I'm 21 yrs. old and I do get told I'm too young, or I haven't found myself yet. In the long run I've been interested in this since I probably hit puberty.
What I think makes a good dom in this lifestyle is to ask questions. I mean I'd like to learn knife play and how to use a whip. However that is not something I would do on my own for quite a while until I felt comfortable with myself being able to do it.
I believe not only do we mature through age, but our decisions, at 18 I knew I didn't know anything especially about this lifestyle.
There was a sub who was probably in his 30's and he moved to my area, he quickly ruined his reputation by being rude and arrogant. Why? Because he flaunted his experience to everyone...kept saying I don't meant to brag but...I start tuning out right about there. Would I ever play with him? No why? Because he was an arrogant ass and treated me with disrespect.
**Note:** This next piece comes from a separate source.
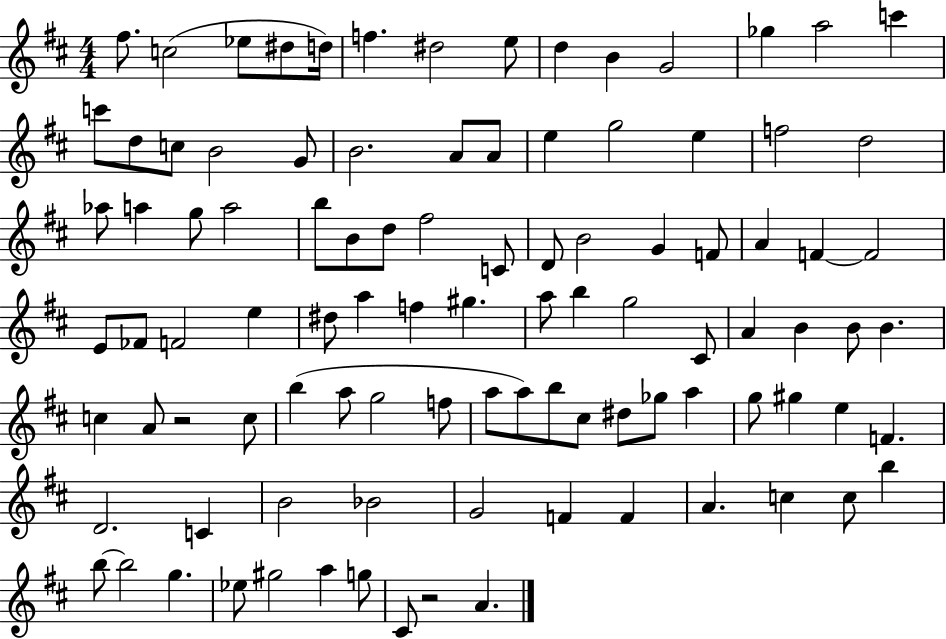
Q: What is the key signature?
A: D major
Does age make a difference to me? To a point, my thing is being mentally attracted to the person as well as physically. Since what I seek is to eventually have a 24/7 with someone those things to me are very important.
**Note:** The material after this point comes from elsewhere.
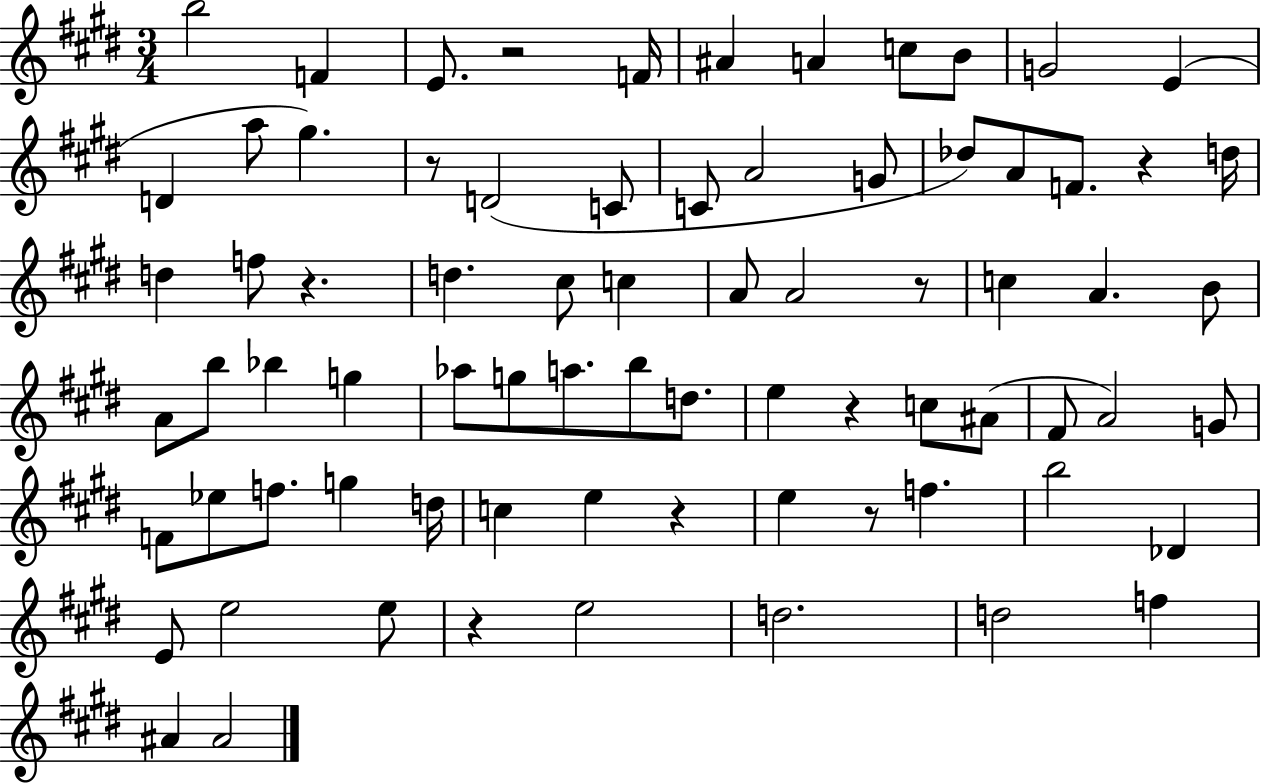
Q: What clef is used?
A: treble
However age doesn't have much to play with that, I dumped someone who was my age because I wasn't physically attracted to him. However I have a friend who is old enough to be my father and I'm very attracted to him.
If I see someone who is into BDSM I would hope that I could not only learn from him but he could teach me as well.
My whole philosophy about this lifestyle is whatever floats your boat. If you want a sub that's younger than you knock yourself out. I personally tend not to get along with people my age they drive me crazy.